|Author Lucy Maud Montgomery|
Normally Mondays feature craft-centric blog posts, but I thought I’d change things up a bit today in order to wish Lucy Maud Montgomery a happy 141st birthday. Young girls for well over a hundred years now have Lucy to thank for many cherished hours spent reading about and bonding with Anne Shirley, the heroine she created in 1908 when she wrote Anne of Green Gables.
Anne is an eleven-year-old orphan mistakenly sent to live with the middle-age Cuthbert siblings after they requested a young boy to help them on their Prince Edward Island farm. Lucy based Anne and the story of her life on a similar event she remembered from her own childhood and infused the book with her many memories of growing up on Prince Edward Island.
You know a book has definitely stood the test of time when after 107 years children around the world are still reading it and both movies and television shows continue to be made from the book and its sequels. There have also been various stage adaptations over the years, include a musical.
More than 50 million copies of Anne of Green Gables have sold since the book was first published, and it’s been translated into 20 different languages. Anne of Green Gables became so popular that Lucy went on to write a series of sequels.
Here’s an interesting fact about Anne that I discovered—Montgomery based Anne’s looks on Evelyn Nesbitt. If that name sounds familiar, it’s because Evelyn was the original Gibson girl. Her face and figure appeared nearly everywhere in the early part of the 20th century. Evelyn was America’s first celebrity, paving the way for the likes of Paris Hilton and Kim Kardashian.

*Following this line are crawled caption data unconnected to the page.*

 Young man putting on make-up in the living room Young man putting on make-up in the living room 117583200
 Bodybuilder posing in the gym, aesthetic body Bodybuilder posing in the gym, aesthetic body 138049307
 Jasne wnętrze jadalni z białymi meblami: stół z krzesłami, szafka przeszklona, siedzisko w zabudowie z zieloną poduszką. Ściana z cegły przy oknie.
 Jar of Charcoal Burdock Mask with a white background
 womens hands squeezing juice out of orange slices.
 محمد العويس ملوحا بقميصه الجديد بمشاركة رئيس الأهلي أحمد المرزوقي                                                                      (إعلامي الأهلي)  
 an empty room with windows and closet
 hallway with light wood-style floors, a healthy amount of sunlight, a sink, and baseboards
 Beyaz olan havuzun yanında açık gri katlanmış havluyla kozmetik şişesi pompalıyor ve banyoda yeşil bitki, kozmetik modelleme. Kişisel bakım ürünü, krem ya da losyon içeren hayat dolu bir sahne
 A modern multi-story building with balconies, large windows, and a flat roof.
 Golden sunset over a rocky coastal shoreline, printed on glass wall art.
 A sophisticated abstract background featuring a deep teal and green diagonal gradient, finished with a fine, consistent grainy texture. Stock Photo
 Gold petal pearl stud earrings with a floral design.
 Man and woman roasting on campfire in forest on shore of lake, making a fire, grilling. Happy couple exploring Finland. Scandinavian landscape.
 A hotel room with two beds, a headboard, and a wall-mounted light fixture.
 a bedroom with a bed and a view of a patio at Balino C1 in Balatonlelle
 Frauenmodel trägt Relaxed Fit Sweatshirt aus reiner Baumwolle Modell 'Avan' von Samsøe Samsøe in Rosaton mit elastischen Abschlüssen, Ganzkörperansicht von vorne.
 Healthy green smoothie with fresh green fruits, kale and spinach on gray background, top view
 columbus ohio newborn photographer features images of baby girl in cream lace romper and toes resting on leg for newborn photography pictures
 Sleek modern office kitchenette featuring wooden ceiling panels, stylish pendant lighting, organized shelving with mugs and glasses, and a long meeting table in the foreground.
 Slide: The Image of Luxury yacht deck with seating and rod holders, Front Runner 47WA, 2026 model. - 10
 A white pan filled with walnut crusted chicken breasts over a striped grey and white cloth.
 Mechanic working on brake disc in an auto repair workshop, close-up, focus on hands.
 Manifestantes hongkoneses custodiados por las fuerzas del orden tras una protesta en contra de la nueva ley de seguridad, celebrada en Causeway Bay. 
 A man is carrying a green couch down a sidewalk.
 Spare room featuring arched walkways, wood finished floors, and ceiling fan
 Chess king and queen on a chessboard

She was also indirectly responsible for what was called the Trial of the Century back in 1906 when her jealous millionaire husband Harry K. Thaw murdered her ex-lover, famed New York architect Stanford White.
It’s ironic that the scandalous Evelyn Nesbitt was the physical model for the sweet Anne Shirley, but as any author will tell you, when inspiration strikes, you run with it. Generations of young girls, myself included, are quite happy Evelyn had a hand in inspiring Lucy to create Anne.